Impasse. La rencontre intervient alors que l’entreprise est engoncée dans des négociations difficiles avec les industriels afin de leur faire signer des contrats d’allocation de production nucléaire (CAPN) pour dix ou quinze ans.
Ces CAPN sont des “des accords industriels que les clients électro-intensifs auront la possibilité de souscrire en payant une avance en tête”, c’est à dire beaucoup d’argent, selon l’explication de Marc Benayoun directeur exécutif d’EDF, à des journalistes en novembre. Ces accords obligeront les industriels à un partage des coûts et des risques, puisqu’ils s’engagent sur la durée sans être certains d’être complètement servis en électricité.
Le temps presse. Dans le cadre de l’accord passé en novembre avec EDF, le gouvernement avait donné libre cours aux négociations pendant six mois avant de refaire un point. La réunion de ce matin “est donc un point d’étape en amont de la clause de revoyure”, résume un participant.
Sauf que les industriels sont réticents à s’engager : seules trois lettres d’intention ont été signées, “pour un total de 10 térawattheures”, selon Marc Benayoun, devant le Sénat. Aucun accord n’a été paraphé. “A ce stade, il n’y a pas encore d’éléments de convergence suffisants”, me confie un autre participant à la réunion, expliquant ce faible nombre.
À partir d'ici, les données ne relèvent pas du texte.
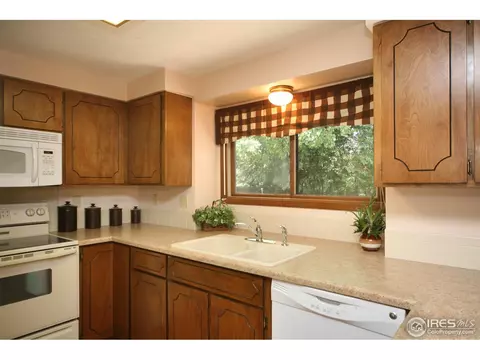 1503 Willow Dr, Berthoud, CO 80513 photo 7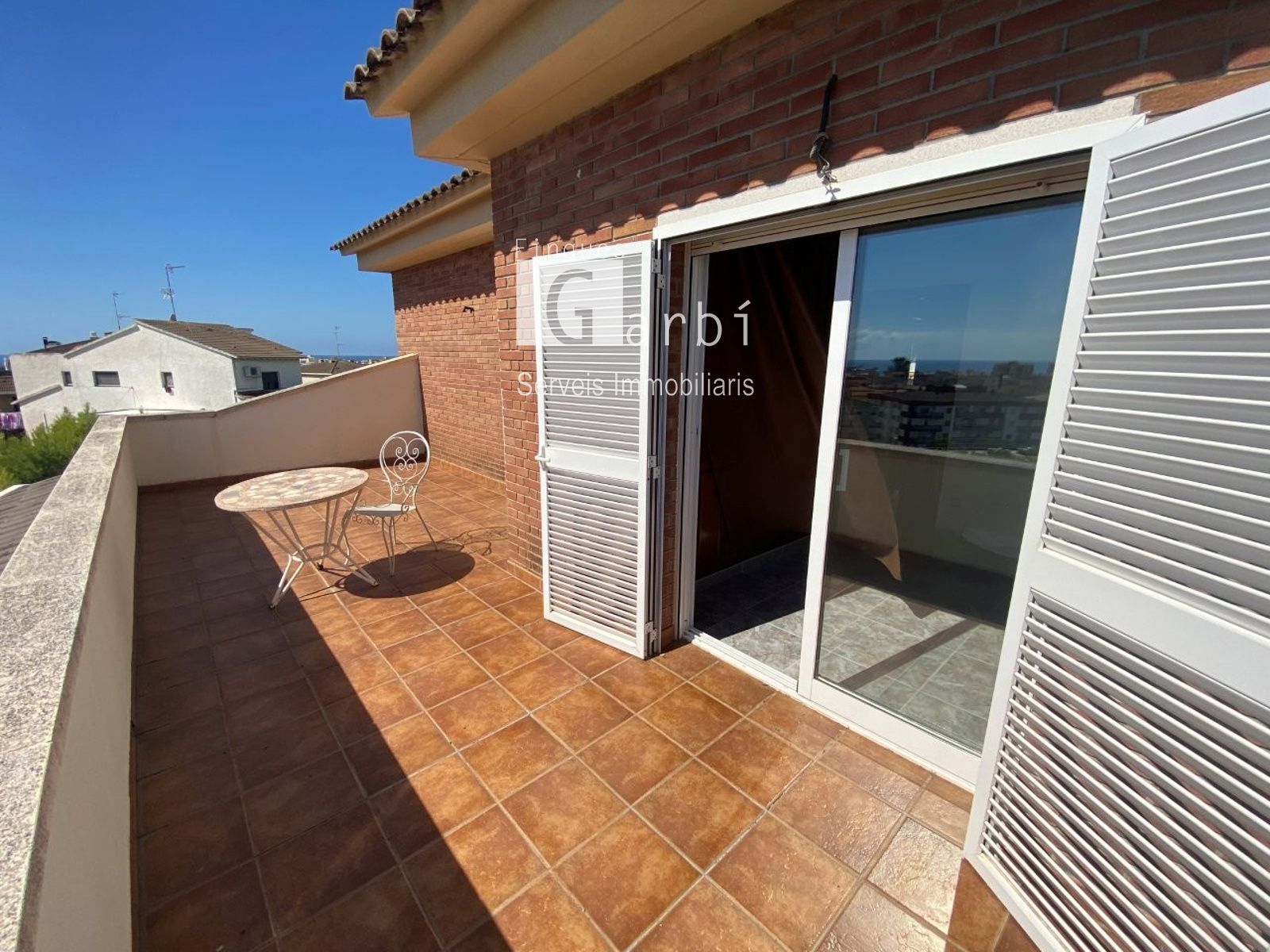 VENTA DE CHALET INDEPENDIENTE DE 4 DORMITORIOS / 3 BAÑOS Y PISCINA PROPIA - Foto 38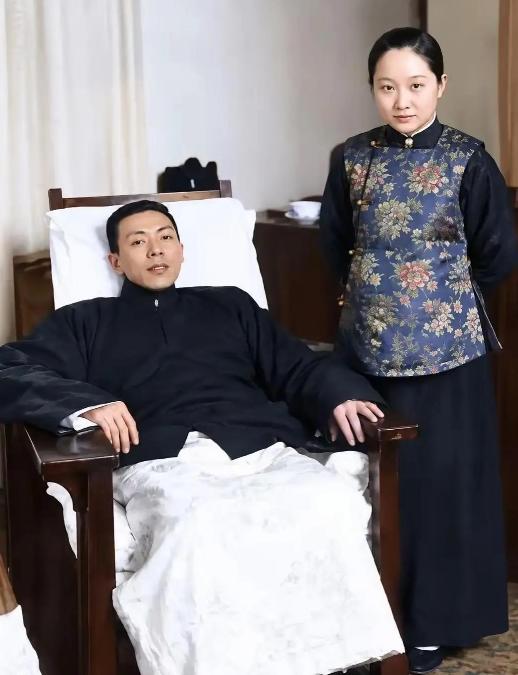 1919年，张家的佣人朱逸民，嫁给了东家张静江，你没看错，穷人家的姑娘，在雇主家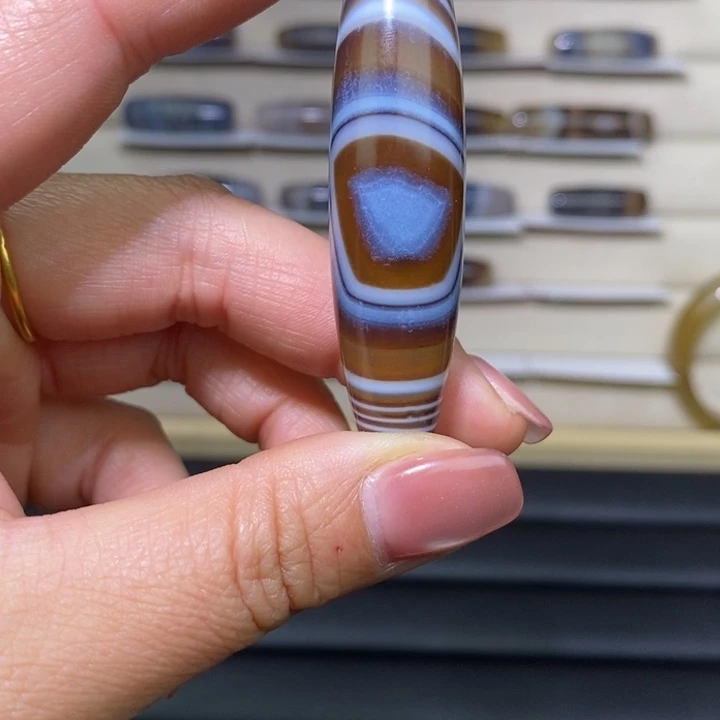 潍***保玛瑙/玉髓未镶嵌颈饰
Vi-si-bi-li-té. Les industriels cherchent à assurer leurs arrières en obtenant des garanties sur les volumes et le prix de l’électricité qui leur sera servie. “A l’arrivée c’est toujours la même chose : est-ce qu’on aura des contrats compétitifs assurés sur une durée suffisante ?”, lance un acteur du secteur. Il rappelle que les industriels “ne peuvent pas répercuter le prix de l’électricité sur leurs produits”, ceux-ci étant fixés sur les marchés mondiaux.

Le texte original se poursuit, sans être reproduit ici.